S’agit-il de régler & de graduer deux aréomètres, dont le poids ſoit encore de 600 grains ? qu’on le plonge dans un vaſe rempli en partie d’eau de pluie diſtillée, & que ce vaſe ſoit lui-même plongé dans un vaiſſeau plus grand, contenant d’eau ordinaire & de glace pilée, pour réduire l’eau diſtillée à la température de cinq degrés, échelle de Réaumur. Si on marque alors ſur la tige de chacun de ces inſtrumens le point de leur immerſion, on aura un terme fixe qu’on retrouvera facilement en tout temps. Pour avoir un ſecond terme également fixe, l’eau du vaiſſeau étant toujours à la même température, on chargera les aréomètres, par exemple, d’un poids de 40 grains chacun : alors ils prendront un nouvel enfoncement proportionnel & relatif à la charge qu’on leur aura ajoutée ; on marquera exactement ce point, & on divisera l’eſpace compris entre les deux immerſions en 40 parties égales : après, la diviſion ſera continuée ſur toute la longueur des tiges qu’on ſuppoſe bien cylindriques, & on aura de cette manière deux aréomètres très comparables l’un à l’autre. Il est inutile d’observer que l’addition du poids équivaut à une diminution proportionnelle de denſité dans le liquide, dans lequel ils sont plongés.

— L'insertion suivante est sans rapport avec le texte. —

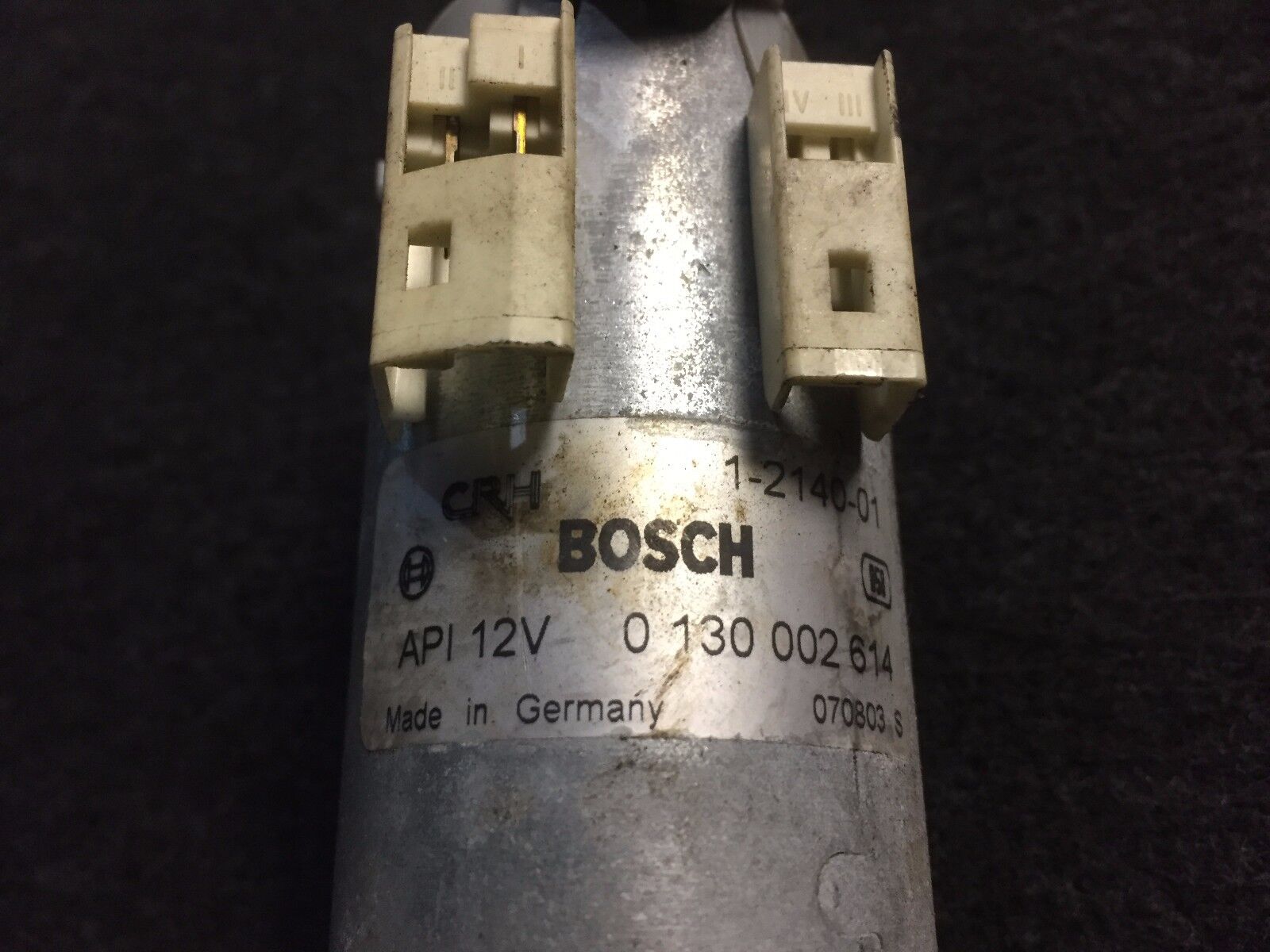 2002 2003 2004 2005 BMW 745i E65 Front Right Passenger Seat Adjustment Motor OEM - Genuine Replacement Part for Comfortable Driving Experience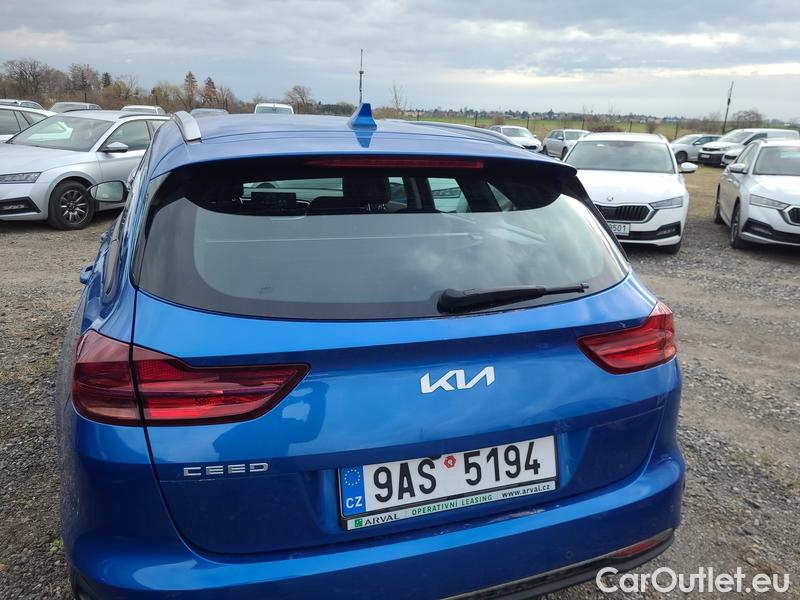  KIA  Cee'd Ceed  (CD) (2018->) Ceed SW 1.5 T-GDI 118 Spin AT #23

L’eau, dans toutes les conſtructions d’aréomètres, a toujours été priſe pour la meſure commune des autres liqueurs. Sa peſanteur ſpécifique étant regardée comme l’unité, celles des autres liqueurs en ſont conſéquemment des parties fractionnaires. Pour éviter le petit embarras qui en résulte, M. de Lanthenée conſidère cette unité comme compoſée elle-même d’un certain nombre de parties, par exemple, de mille : c’eſt pourquoi il preſcrit de former des aréomètres de mille grains. Ces inſtrumens étant plongés dans l’eau avec les conditions précédentes, on écrit le nombre 1 000 au niveau de la première immerſion, & on diviſe le reſte de leurs tiges en parties égales entr’elles, & dont le nombre doit être le même que celui des grains, dont la charge produit le ſecond enfoncement. Ces parties expriment alors les différences des volumes déplacés, & conſéquemment leur denſité ou leur peſanteur ſpécifique.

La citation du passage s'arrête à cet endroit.